The story is narrated in first person by Lizzie, not by Austen's wry and sometimes cruel narrator. This gives it more immediacy, and also softens the portrayal of the Bennet family.

Her mother is still silly, though not as tragically so. Her father is inept, but her love for him covers the worst of his failings. Jane is still sweet; there's not much more to Jane, in the original or this version, than that, though here the consequences she suffers from events are much more serious. Kitty is still... rather superfluous and underdeveloped as a character.

Mary is, perhaps, the most transformed from the original. No longer a prosy, conventionally pious pseudo-intellectual who plays the piano adequately, she is deeply unconventional, the opposite of pious, highly intelligent, a skilled composer, and socially aware not so much beyond her years as beyond her year. It's true that Mary Wollstonecraft, who lived before the book is set, did articulate at least some of the ideas that Mary expresses here - though not in these terms, and there doesn't seem to be any reference to her writings or, indeed, any other writings available at the time. Mary is just a straight-up anachronism, an essentially early-21st-century young woman plopped into the early 19th. I have to say, I like this version of Mary more than the original (and it's clear that the author likes her a lot more than Austen liked the original, too), but there's no getting away from the fact that, of all the anachronisms, large and small, that creep into the book, Mary is the largest.

Lydia is also transformed, from a thoughtless child to a complete sociopath; Wickham goes from a rogue and a rake to a traitor.

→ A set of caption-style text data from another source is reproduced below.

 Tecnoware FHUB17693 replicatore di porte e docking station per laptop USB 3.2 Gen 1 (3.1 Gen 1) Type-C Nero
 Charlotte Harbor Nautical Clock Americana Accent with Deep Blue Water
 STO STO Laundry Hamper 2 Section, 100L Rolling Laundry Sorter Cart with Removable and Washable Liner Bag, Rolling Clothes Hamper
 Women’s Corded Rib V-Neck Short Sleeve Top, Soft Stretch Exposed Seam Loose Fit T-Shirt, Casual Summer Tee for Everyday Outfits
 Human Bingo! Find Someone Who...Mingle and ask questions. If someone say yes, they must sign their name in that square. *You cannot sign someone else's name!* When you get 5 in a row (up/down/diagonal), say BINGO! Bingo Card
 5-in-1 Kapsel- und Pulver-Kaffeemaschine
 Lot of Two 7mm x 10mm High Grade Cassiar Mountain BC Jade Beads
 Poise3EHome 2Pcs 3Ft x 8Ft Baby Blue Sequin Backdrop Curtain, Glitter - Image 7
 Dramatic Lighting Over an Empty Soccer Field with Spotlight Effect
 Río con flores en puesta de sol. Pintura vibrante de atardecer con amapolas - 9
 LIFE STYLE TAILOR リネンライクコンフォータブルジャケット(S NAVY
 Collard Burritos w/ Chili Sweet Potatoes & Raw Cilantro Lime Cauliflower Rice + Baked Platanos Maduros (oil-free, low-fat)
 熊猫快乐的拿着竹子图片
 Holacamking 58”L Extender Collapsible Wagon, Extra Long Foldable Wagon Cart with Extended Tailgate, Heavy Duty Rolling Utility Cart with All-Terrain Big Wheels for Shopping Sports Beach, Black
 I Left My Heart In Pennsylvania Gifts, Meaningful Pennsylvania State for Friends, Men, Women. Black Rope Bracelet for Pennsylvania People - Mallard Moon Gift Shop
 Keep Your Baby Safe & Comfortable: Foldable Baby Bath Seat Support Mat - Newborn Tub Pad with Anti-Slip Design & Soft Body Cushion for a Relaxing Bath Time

There's a lot more overt engagement with the events of the time, both the Napoleonic Wars and the debate over slavery (not yet outlawed in British possessions overseas, though it was illegal in Britain itself by this time). In Austen generally, these things are in the background, referenced subtly but never the focus; here, they are out in the open, and the war in particular comes to the characters and involves them whether they want it to or not.

Mr Darcy is pretty much the original, even in the parts that depart from the original plot and introduce entirely new events and situations. Lizzie is maybe just one step too special, but she is a fantasy heroine, after all. I appreciated the inversion of a trope, where (view spoiler). I also enjoyed the moment where (view spoiler)

I haven't read the book version of Pride and Prejudice and Zombies, but I have read the graphic novel, and it consisted mostly of large chunks of original Austen prose interspersed with nonsensical martial arts scenes. This is a much subtler, and to me more successful, rewriting. If you're looking for faithfulness to Austen, or even a focus on what she focused on, this is not it. On the other hand, if you're looking for Austen-inspired adventure fantasy that's well told, and don't mind (or won't notice) a few 21st-century intrusions, this definitely is it, and I recommend it to you.

I received a review copy via Netgalley.